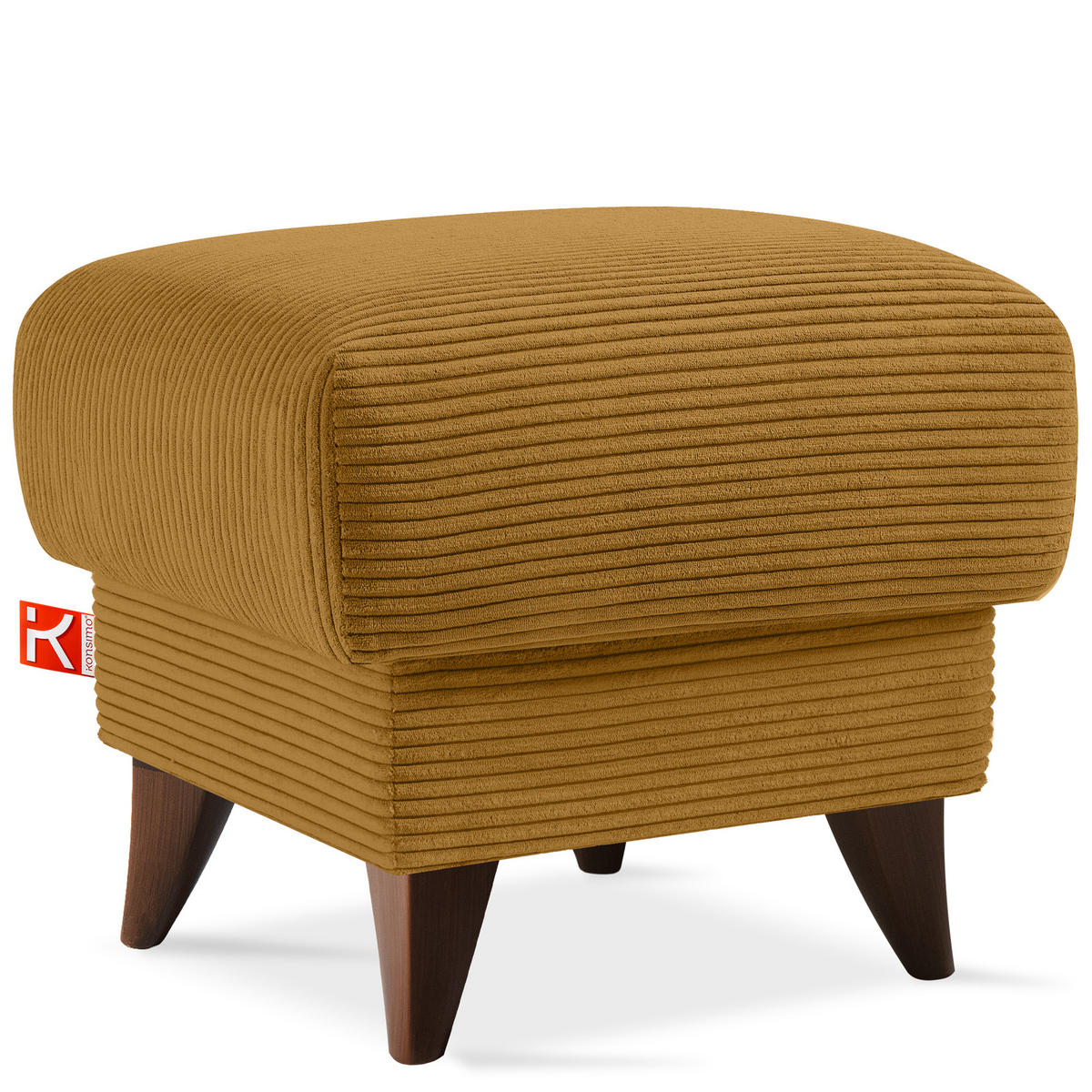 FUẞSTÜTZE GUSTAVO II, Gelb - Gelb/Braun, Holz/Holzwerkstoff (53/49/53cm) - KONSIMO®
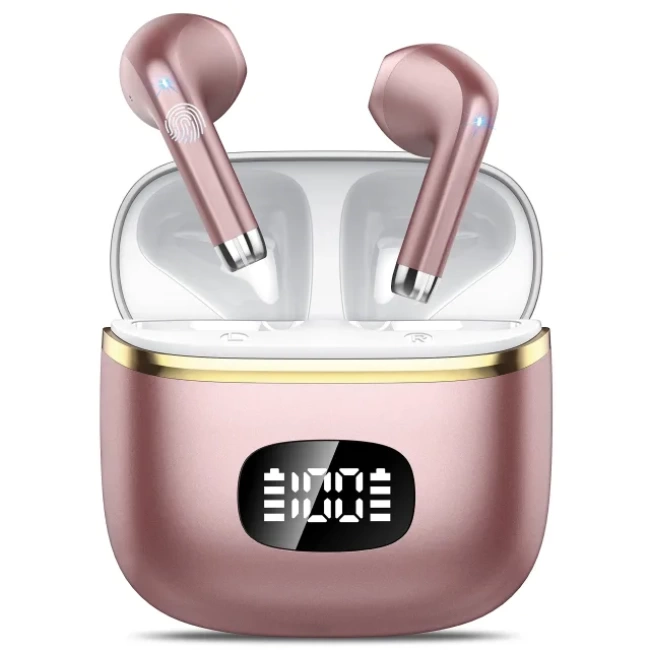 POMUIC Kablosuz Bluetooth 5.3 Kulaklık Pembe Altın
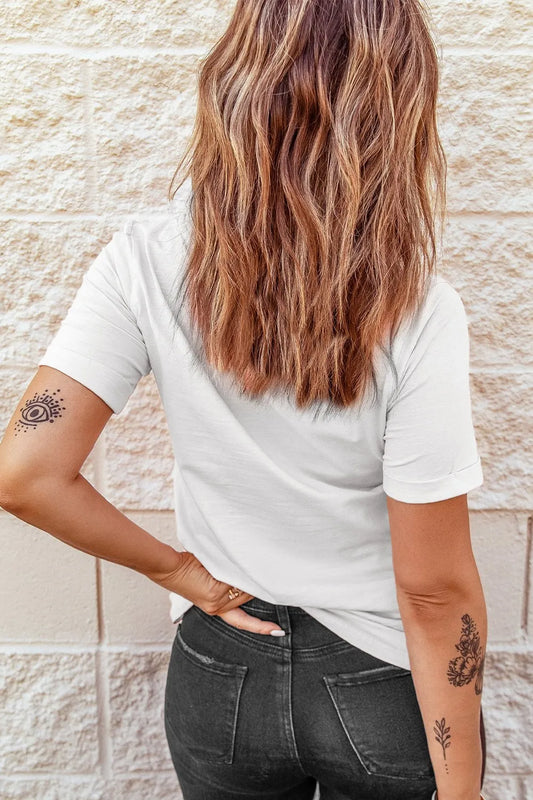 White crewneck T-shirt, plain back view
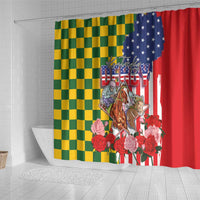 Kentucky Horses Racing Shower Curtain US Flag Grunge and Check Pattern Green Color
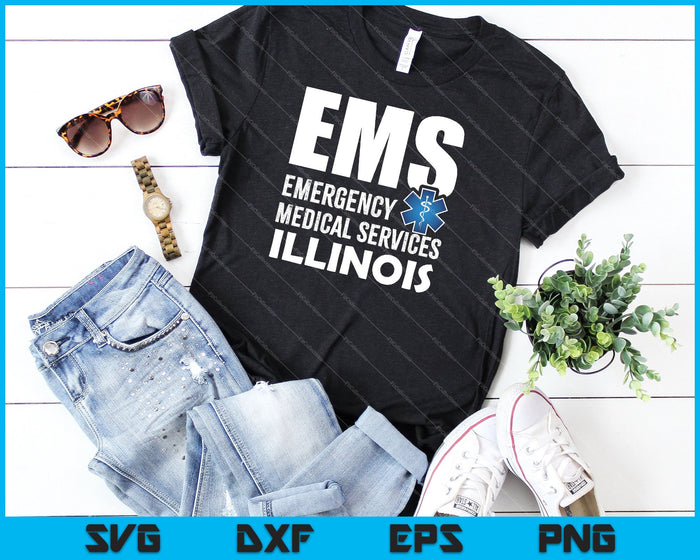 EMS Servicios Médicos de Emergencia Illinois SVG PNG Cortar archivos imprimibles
--
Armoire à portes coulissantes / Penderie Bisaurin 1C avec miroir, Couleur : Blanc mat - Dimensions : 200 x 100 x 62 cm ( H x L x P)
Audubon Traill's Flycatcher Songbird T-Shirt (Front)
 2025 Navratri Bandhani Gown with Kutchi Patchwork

What is being asked =
From the records above, transcribe only the stretch from the line with "Kentucky Horses Racing" through the line with "EMS Servicios Médicos", keeping both ends. Omit pictures.

Task result =
 Kentucky Horses Racing Shower Curtain US Flag Grunge and Check Pattern Green Color
 EMS Servicios Médicos de Emergencia Illinois SVG PNG Cortar archivos imprimibles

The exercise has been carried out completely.